Once again, the last line is the key line of the scene and the story. When Butch asks Sundance if he saw their nemesis Lafors out there and Sundance says no, Butch replies, "Good. For a minute I thought we were in trouble."

MASTERPIECES OF SCENE CONSTRUCTION

I'd like to take one last look at the techniques of scene construction and dialogue by studying two great films,
Casablanca
and
The Godfather.
These films are masterpieces in the art of storytelling, and their scene construction and dialogue are brilliant. Because so much of your success in scene writing depends on your ability to place a scene on the arc of your hero's development, I want to explore scenes that come from the beginning and the end of these two films. To fully appreciate the excellence of scene construction and dialogue, give yourself the pleasure of seeing these films again.

C
asablanca

(play
Everybody Comes to Rick's
by Murray Burnett and Joan Alison,

screenplay by Julius J. Epstein, Philip G. Epstein, and Howard Koch, 1942)

First Scene Between Rick and Louis

In this scene, still fairly early in the story, Rick and Police Captain Louis

Renault have a pleasant chat before Major Strasser arrives and Ugarte is

captured.

■ Position on the Character Arc
This is the first moment in the development of the relationship between Rick and Louis that will end in their mutual redemption and "marriage" in the final scene of the story.

This scene is a perfect example of why you should always start constructing a scene by determining its place on the overall character arc.
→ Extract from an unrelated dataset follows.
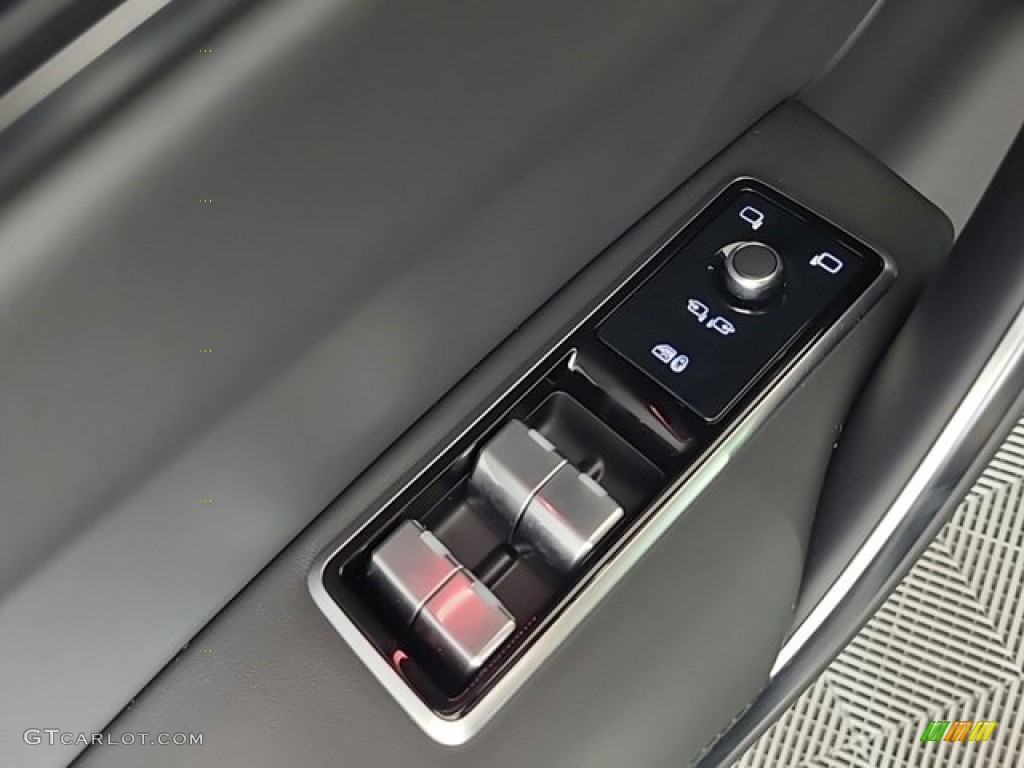 2024 Jaguar F-PACE SVR Door Panel Photos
This is not the first scene in the movie and so it appears to be just another step in the flow of the story. Only by starting with the endpoint of Rick's arc-—becoming a freedom fighter and entering a "marriage" of friendship with Louis—do you see that this is the crucial opening step in that arc.

■ Problems

1. Show the audience that Louis is as witty as Rick and that he is the appropriate buddy for Rick to end up with.

2. Show that Louis has just as much moral need as Rick.

3. Bring in more information about Rick's ghost, particularly information that shows that this cynical, hard man was once not only good but also heroic.

■ Strategy

1. Have Louis question Rick and introduce information about his past under the guise that it is all part of Louis's job of stopping Laszlo. This is an excellent way of introducing exposition about the main character without being dull or heavy-handed. At the same time, Rick's insistence that he was well paid for his work keeps him from seeming too sentimental and idealistic.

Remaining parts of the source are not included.